Maybe you can clear up a few terms I keep hearing, but keep ignoring
cos I don't full understand!

Base / Collector / Emitter - I don't completely understand.. Is the
collector always +ve and the emitter grounded/-ve?

The base, collector and emitter (B, C, E) are the three terminals of a
bipolar transistor. The base and collector are positive with respect to the
emitter of an NPN transistor. The reverse is true of a PNP transistor.

The emitter of an NPN transistor is not always connected to ground.

Sink / Drain - These seem to be used in describing which way things
are connected... Used in the datasheets quite a bit too, such as
"input/open drain output"

Gate, drain and source are the terminals of a field effect transistor. They
are in, a limited sense, equivalent to base, collector and emitter.

A "current sink" is something into which current flows; a "current source"
is something out of which current flows. An output "sinks" current when it
pulls low; and "sources" current when it pulls high.

An "open drain" output can only pull low. The pull-up transistor is
disabled in this mode. It goes tri-state (i.e. floating, high-Z, open
circuit) for logic 1. The external circuitry determines the pin's
potential: it must not be allowed to float.

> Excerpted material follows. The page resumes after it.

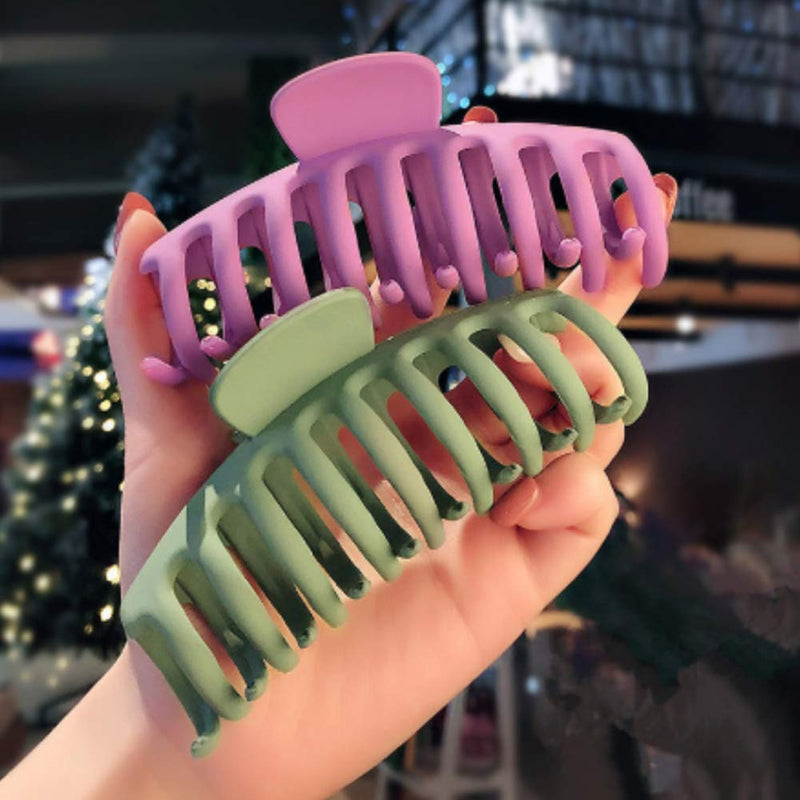 Large Hair Claw Clip for Women - 4.3″ Jumbo Hair Clips Strong Hold Hair Catch Barrette Jaw Clamp for Thick/Thin Hair Tortoise Barrettes Celluloid Big Fashion Hair Styling Accessories Girls (6 Packs) SUNCHARM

The bipolar equivalent of "open drain" is an "open collector" output.

Well, I've answered your specific questions. I could go on, but this is a
MASSIVE subject. I recommend the book "The Art of Electronics" by Horowitz
and Hill if you fancy some good arm chair / bed time reading on the subject.
It's informal, readable and not at all stuffy or dry.

 

[Dominic-Luc Webb]

I did mean RB0 & RB1, correct.

100 Ohm sounds more like it, I've got a few different LEDs here, and the
resistors have worked out as 120 and 160.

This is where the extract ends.